Thursday, July 3, 2008

Where there's smoke, there's fire


They say it takes two or three years before you see a real change in yourself through meditation. I've only been practicing for a few months. The past few days I've gotten up before six, which seems to work out best. I'm not exactly fresh in the morning, but if I don't do it first thing, I find that I'll keep pushing it back in my day until I'm so tired I tell myself I'll do it the next day.

Problem is, I don't think I can wait another three years. I think, what am I supposed to do? Bide my time, while away for another three years, until suddenly everything clicks in for me.

I guess you could say that I'm a perfectionist. I want things a certain way. I want to be a certain kind of person. I want to live in a certain city. But none of my conditions have been met here. I'm stuck. There's nothing I want. I don't like where I live.
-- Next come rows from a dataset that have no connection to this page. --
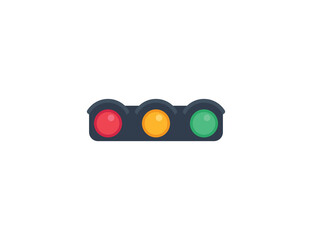 Traffic light vector isolated emoji icon. Traffic light emoticon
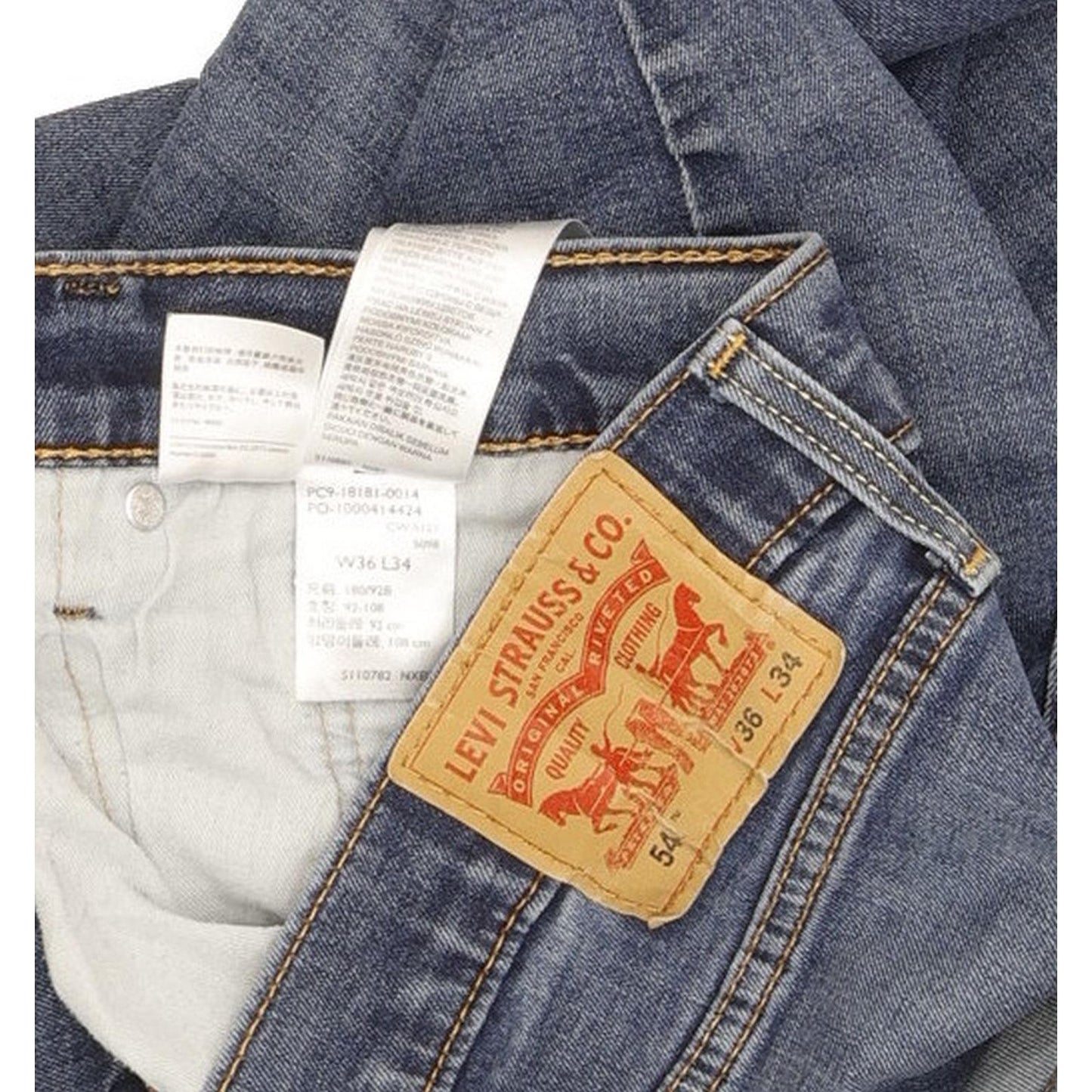 Levi's 541 Men Blue Straight Slim Stretch Jeans W36 L33
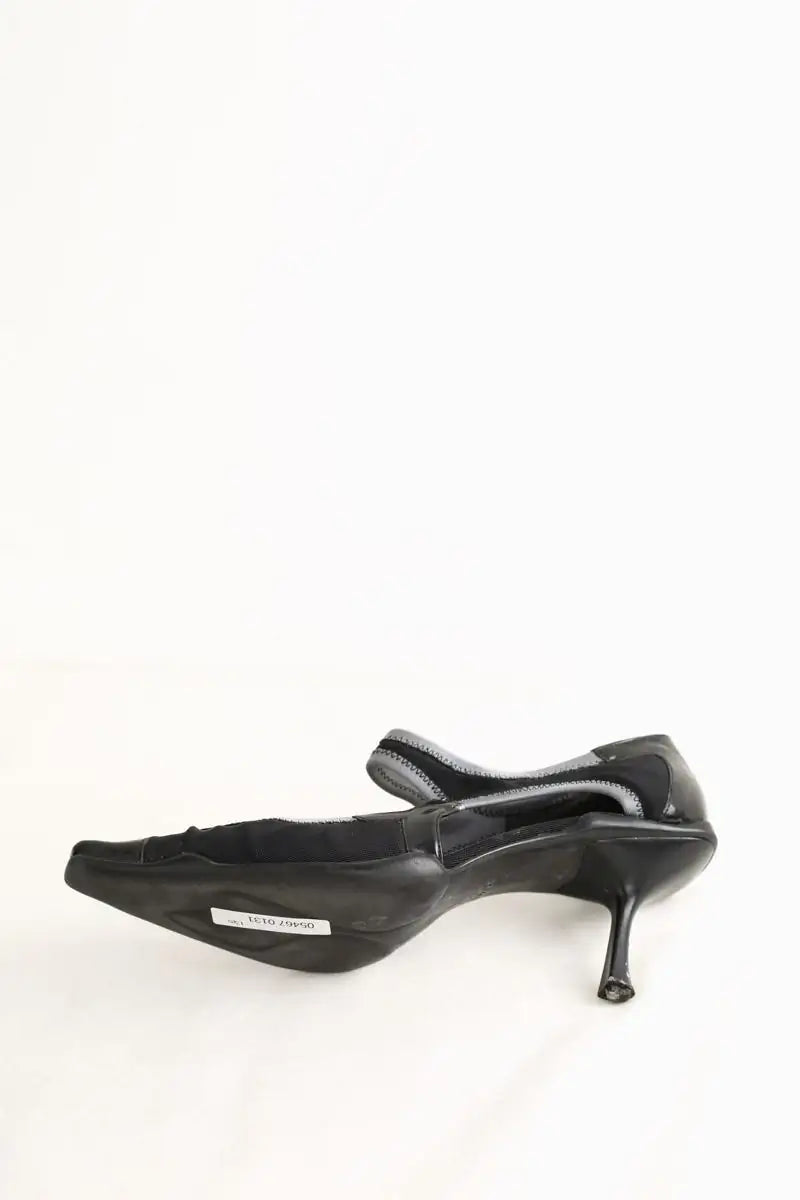 Talons Prada Noir en Cuir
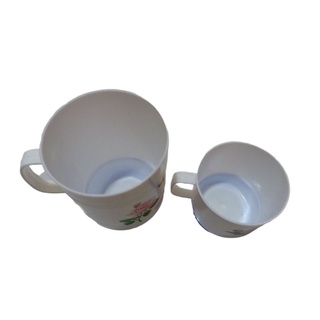 Ly Ca Tròn Nhựa Có Nắp (Nhỏ - Lớn)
Years ago, twenty years ago, in fact, I was working at The New York Public Library being trained by a woman who was leaving for Arizona. I think she was going to University there. Her advice to me was, never move anywhere for a man. It's sort of a golden rule for women. And I broke it. And so, here I am, stuck, trying to figure a way out of my regret and bitterness. At times in the past ten years, many times, days and weeks and months on end, I've been so despondent, I haven't known what to do with myself. I have to accept everything. The loss of my education, alienation, everything. No matter what I've tried, I haven't been able to change these fundamental facts of my existence here. I am a prisoner in Schiedam, and no matter how much I howl, wail, scream, argue, persuade, it doesn't change a thing, because the Dutch are the clay people, unmovable, and heavy.

Buddhist advice goes: Don't do anything a wise man wouldn't regret later. Still, here I am, building up more regret by the day. Even as I sit here writing this, I am building regret for the words I write.